Plaintiffs argue strenuously that considerations of corporate democracy require the construction of Section 23 which they urge upon this Court. On the other hand, defendants contend that by authorizing classified boards the Maine Legislature has recognized the desirability of preserving continuity of management and that their interpretation of Section 23 is entirely consistent with such a concept because it assures that only those directorships the terms of which normally expire will be filled at any given annual meeting. These competing policy considerations can be of no proper concern to this Court. Plaintiffs have cited no principle or authority which would warrant this Court in rewriting Section 23 in the manner which they suggest.

Plaintiffs’ further contention that Article IV of the By-laws violates the Fourteenth Amendment of the United States Constitution is patently untenable. In the first place, the complaint fails to allege any action by the state which constitutes a denial of due process. See Wall v. King, 206 F.2d 878 (1st Cir. 1953), cert, denied, 346 U.S. 915, 74 S.Ct. 275, 98 L.Ed. 411 (1953); Mason v. Hitchcock, 108 F.2d 134 (1st Cir. 1940). In the second place, the record here shows that the provision in Article IV authorizing the directors to fill a vacancy on the Board for the unexpired portion of the term of the vacant directorship has been a part of the By-laws of the Company since it was organized in 1906. The law is clear that by-laws which are in existence when stockholders purchase their stock become an integral part of the contract between the corporation and its stockholders. See 8 Fletcher, Private Corporations § 4198 (rev. and perm. ed. 1931). Therefore, plaintiffs acquired their stock subject to the provisions of Article IV and can have lost no property right. Plaintiffs have not called the Court’s attention to any authority which might even suggest that a corporate bylaw permitting directors to fill a vacancy on their board for the unexpired portion of a classified term is unreasonable, arbitrary, or in any other way constitutes a denial of due process.

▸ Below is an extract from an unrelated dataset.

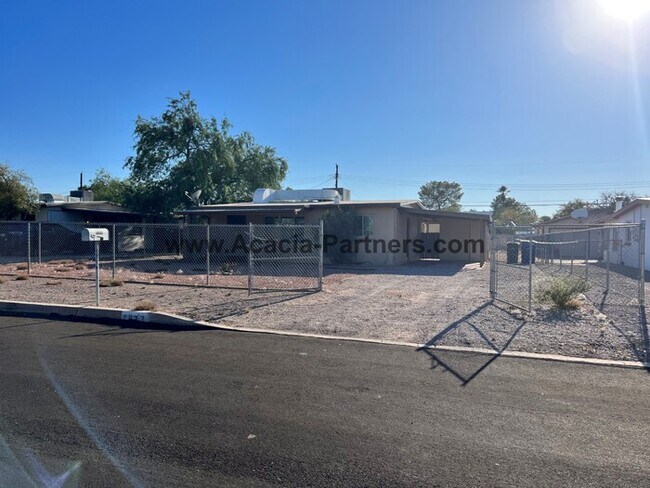 Foto del edificio - Centrall Located Two Bedroom Home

With respect to plaintiffs’ first claim for relief, the Court holds that Article IV of the By-laws of the Company, as in effect on May 15, 1963, is valid under Maine law and does not violate the Fourteenth Amendment of the United States Constitution.

II

There is equally little merit in plaintiffs’ second claim for relief, which is based upon their contention that the vote of a simple majority of the stock represented at the May, 1963 meeting was sufficient for the adoption of Proposal No. 5.

Article XXIII of the By-laws of the Company provides, in pertinent part:

“Article XXIII. Amendment of Bylaws. Except as hereinafter provided, these by-laws may be altered, amended or rescinded at any regular or special meeting of the stockholders by a vote of a majority of the stock represented at said meeting, provided that in the call and notice for such meeting notice of such intended alteration, amendment or rescission is given; and provided further that Article III of these bylaws with reference to the number and classification and terms of office of the directors shall not be amended, nor shall any change be made in the number of directors or classification or terms of office except upon vote of seventy-five per cent, of the total issued and outstanding capital stock of the corporation; * * * ” (Emphasis supplied.)

Proposal No. 5 seeks to amend Article IV of the By-laws to change the term of office of a director appointed by other directors to fill a vacancy on the Board, from a term equal in length to the balance of the term of the vacant directorship, to a term which would expire at the next annual meeting of stockholders. In addition, Proposal No. 5 would specifically shorten the terms of office of the defendants Brace, Lewis, Kaveler and Metcalfe by providing that their terms terminated at the May, 1963 annual meeting, rather than at the expiration of the terms of the directors whose unexpired terms they were elected to fill.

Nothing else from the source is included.